Four months before the start of the Heimtextil trade fair, which will take place in Frankfurt from January 14 to 17, 2025, the organizers invited guests to a preview of the trends for the 25/26 season. “We have been presenting the trends at Heimtextil for over 33 years,” says Olaf Schmidt, Vice President Textiles & Textile Technologies. “We do more than just give simple product recommendations. We want to tell stories and translate them into specific interior design ideas.” For the next edition of the Heimtextil trends, Messe Frankfurt has brought new curators on board who have precisely this aspiration. ‘Textiles are also storytellers,’ says Valentina Ciuffi, co-founder of the Milan-based design platform Alcova, which will curate the trend exhibition. ”They are interwoven with our culture and present in our subconscious.” By this, the design expert means, for example, linguistic influences with metaphors such as “unfolding actions”, “spinning a story”, “weaving in a thought” or “losing the thread”. They also carry memories, reflect identities and document social changes. Schmidt agrees: “It's not just about aesthetics, but also about content that has its finger on the pulse of the times.”
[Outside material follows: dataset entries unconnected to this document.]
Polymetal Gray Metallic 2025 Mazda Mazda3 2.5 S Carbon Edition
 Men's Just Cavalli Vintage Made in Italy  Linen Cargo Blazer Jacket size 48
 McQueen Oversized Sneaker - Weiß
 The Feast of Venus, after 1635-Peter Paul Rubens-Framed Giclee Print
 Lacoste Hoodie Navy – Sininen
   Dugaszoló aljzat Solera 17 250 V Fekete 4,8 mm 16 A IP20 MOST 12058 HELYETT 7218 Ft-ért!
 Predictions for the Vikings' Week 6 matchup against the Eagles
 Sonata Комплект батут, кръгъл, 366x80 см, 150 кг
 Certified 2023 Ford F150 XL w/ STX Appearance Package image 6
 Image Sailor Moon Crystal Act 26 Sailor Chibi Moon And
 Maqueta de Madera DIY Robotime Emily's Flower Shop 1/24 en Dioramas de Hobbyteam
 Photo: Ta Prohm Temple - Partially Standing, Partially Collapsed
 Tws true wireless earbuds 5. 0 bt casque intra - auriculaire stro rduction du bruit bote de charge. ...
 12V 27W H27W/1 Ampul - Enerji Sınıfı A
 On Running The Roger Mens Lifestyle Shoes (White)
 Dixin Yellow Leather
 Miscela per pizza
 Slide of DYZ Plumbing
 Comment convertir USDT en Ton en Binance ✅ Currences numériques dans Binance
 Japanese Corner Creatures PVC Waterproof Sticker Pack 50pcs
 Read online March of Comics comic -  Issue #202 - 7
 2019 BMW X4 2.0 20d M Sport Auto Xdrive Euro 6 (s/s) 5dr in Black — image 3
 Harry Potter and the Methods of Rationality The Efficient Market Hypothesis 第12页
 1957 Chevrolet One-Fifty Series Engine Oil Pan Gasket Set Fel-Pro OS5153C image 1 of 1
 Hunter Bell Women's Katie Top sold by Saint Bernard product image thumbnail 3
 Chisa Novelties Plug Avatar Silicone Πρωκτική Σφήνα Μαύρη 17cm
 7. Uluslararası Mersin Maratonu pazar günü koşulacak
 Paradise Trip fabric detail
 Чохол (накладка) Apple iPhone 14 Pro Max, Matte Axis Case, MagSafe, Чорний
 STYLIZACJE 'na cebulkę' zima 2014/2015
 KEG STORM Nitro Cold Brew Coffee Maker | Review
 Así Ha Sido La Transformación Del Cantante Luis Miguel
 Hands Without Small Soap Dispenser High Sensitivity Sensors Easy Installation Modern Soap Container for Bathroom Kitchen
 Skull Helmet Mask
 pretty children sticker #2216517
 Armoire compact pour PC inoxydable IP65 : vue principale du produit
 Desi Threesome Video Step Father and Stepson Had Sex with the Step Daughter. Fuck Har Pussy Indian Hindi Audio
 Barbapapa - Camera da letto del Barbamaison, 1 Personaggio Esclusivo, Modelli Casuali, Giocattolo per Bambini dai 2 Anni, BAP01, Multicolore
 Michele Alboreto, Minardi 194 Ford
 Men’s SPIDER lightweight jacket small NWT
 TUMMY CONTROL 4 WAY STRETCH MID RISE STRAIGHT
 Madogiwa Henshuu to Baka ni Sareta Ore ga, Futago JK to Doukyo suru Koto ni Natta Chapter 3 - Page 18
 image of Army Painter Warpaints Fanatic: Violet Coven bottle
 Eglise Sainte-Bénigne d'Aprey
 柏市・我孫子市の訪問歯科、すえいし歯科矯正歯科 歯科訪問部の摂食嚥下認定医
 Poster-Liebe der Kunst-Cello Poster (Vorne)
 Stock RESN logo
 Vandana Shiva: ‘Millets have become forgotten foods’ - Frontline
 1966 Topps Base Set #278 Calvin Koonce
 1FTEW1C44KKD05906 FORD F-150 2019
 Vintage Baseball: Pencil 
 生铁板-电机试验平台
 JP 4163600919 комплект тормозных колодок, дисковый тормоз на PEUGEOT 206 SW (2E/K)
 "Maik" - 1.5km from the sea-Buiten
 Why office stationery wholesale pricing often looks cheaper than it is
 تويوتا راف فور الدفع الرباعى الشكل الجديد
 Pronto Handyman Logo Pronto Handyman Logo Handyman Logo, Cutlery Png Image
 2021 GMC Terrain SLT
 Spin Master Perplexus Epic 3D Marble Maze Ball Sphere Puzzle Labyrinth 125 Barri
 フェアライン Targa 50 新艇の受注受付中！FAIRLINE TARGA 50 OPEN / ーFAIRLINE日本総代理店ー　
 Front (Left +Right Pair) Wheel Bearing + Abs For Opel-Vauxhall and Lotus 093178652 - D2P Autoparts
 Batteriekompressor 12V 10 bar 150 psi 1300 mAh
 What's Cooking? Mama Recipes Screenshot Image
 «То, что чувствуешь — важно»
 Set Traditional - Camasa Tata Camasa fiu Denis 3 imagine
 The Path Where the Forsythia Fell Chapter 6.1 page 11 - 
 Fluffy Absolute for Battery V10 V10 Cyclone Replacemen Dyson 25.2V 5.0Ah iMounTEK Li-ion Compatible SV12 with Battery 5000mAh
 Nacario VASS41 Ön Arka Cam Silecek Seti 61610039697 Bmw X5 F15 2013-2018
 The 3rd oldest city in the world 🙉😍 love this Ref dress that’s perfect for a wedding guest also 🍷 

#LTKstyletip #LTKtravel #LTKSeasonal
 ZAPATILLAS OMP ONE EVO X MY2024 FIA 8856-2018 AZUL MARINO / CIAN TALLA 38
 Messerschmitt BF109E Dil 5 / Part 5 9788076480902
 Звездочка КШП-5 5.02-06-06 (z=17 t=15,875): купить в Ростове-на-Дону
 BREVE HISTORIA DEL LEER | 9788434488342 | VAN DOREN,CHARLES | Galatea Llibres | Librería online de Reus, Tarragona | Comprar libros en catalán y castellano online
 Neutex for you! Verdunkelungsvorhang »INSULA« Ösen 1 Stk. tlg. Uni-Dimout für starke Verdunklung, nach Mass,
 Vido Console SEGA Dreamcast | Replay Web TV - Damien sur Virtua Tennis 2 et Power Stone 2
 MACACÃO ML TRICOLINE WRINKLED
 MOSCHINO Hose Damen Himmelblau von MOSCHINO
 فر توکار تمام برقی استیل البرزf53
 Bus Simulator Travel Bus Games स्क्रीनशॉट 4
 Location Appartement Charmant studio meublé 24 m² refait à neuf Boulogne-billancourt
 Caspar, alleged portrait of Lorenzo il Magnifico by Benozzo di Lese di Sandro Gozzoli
The color palette of the Heimtextil trends 25/26 illustrates this very well: natural, unbleached tones meet dynamic, bright colors. They reflect the tension between tradition and innovation. This contrast is intended to represent an active equilibrium that is constantly evolving – characterized by renewal, growth and a forward-looking vision that goes beyond mere sustainability. This is also what led the experts at Alcova to the title of the upcoming issue, “Future Continuous”. It describes the continuity of trends that begin in the past and extend into the future.
In their analysis, the team first looked at what a trend actually is. The term comes from the Old English “trendern”, which means to turn or rotate. “Trends don't just suddenly appear and then disappear. They rotate cyclically and keep reappearing,” says Ciuffi. If you really want to understand a trend, you always have to look at the past.